- Theatrical Release Poster
- Directed by: Johnathan Brownlee
- Screenplay by: Chad Berry Johnathan Brownlee David Langlinais
- Story by: Chad Berry David Langlinais
- Produced by: Jeff Berlin Chad Berry Johnathan Brownlee Adam Donaghey John Forte David Kiger Shannon Kincaid Allen Stringer Kincaid Stringer James Tumminia
- Starring: Barry Bostwick Meg Foster Mariette Hartley Edward James Hyland Mollie Milligan Stephen Snedden Colton Tapp Luis Albert Acevedo Jr. Cal Bartlett
- Cinematography: Bongani Mlambo
- Edited by: Logan Hefflefinger Sai Selvarajan
- Music by: Brian Flores John Hunter
- Production companies: Sionna Productions Torfoot Films Ubiquimedia Zero Trans Fat Productions
- Release date: December 2, 2016;
- Running time: 97 minutes
- Country: United States
- Language: English

= Three Days in August =

Three Days in August is a 2016 American drama directed by Johnathan Brownlee. The film is based on a true story written by Chad Berry and David Langlinais. The screenplay was written by Berry, Brownlee and Langlinais.

== Synopsis ==
The story centers on an adopted Irish-American artist's search for her birth mother, and the family dynamics when she secretly invites both sets of parents for a surprise reunion so she can paint a family portrait.
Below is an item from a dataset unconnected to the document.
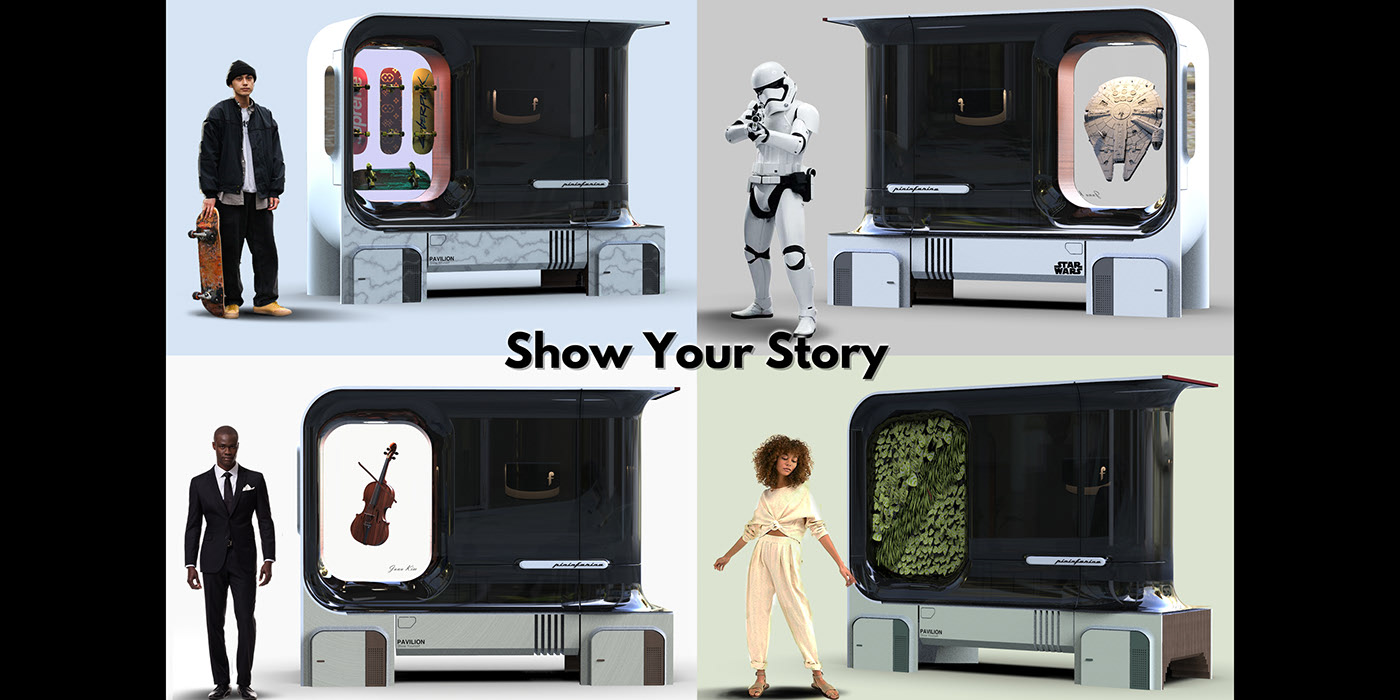 architecture，product design，Binny farina，mobility，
The film is inspired by the true story of Texas painter Shannon Kincaid, an adopted Irish-American artist who was given away at birth by a 16-year-old mother.

== Cast ==
- Barry Bostwick as John
- Meg Foster as Maggie
- Mariette Hartley as Maureen
- Edward James Hyland as Aiden
- Mollie Milligan as Maggie
- Colton Tapp as Liam
- Stephen Snedden as Sam
- Cal Bartlett as Francis
- Luis Albert Acevedo Jr. as Father Granado (as Luis Acevado)

== Development ==
The screenplay for Three Days in August was the winning entry in a screenwriting competition sponsored by the Dallas Film Society in 2015. The competition, entitled The Sionna Project, drew 200 submissions from 26 countries.

Three Days in August was announced in Variety in October 2015, with Barry Bostwick, Mariette Hartley, Ed Hyland, Mollie Milligan, Meg Foster, Cal Bartlett and Colton Tapp attached to star and Johnathan Brownlee to direct and produce.

== Location ==
Filming took place in October 2015 in Mineral Wells, Texas.

== Release ==
Three Days in August premiered at the Dallas International Film Festival in April 2016 and had its international premiere at the Montreal World Film Festival in August 2016. The film had a limited national theatrical release through the Dallas-based Studio Movie Grill chain in December 2016.